Using the listing below, give again exactly the lines from the line with "Bancnota Ungaria 20" to the line with "Villa Komitata-Pool and", inclusive, without the pictures.

• [Extracted material]:
<<<<

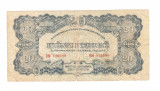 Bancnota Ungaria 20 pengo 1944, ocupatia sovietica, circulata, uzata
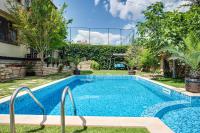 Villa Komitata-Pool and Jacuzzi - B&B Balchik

>>>>
<<<<

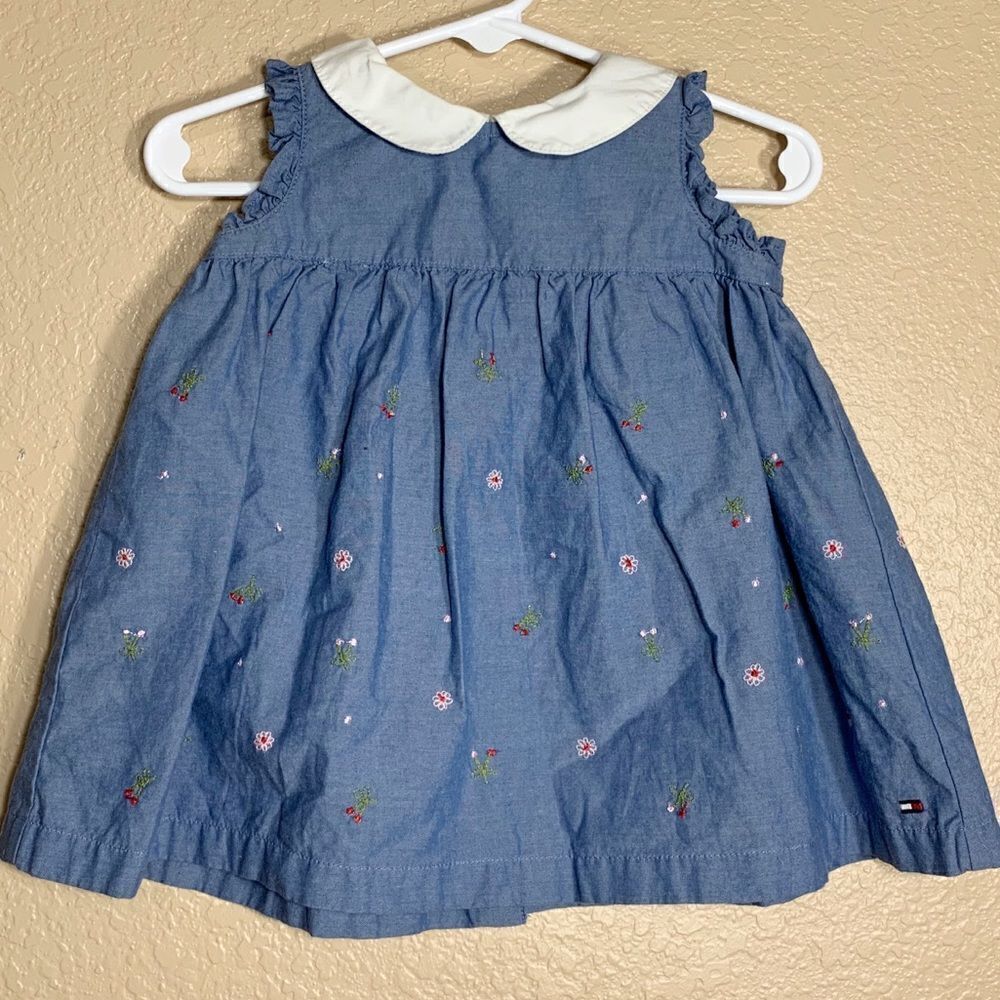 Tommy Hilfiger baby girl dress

>>>>

• [Solved problem]:
 Bancnota Ungaria 20 pengo 1944, ocupatia sovietica, circulata, uzata
 Villa Komitata-Pool and Jacuzzi - B&B Balchik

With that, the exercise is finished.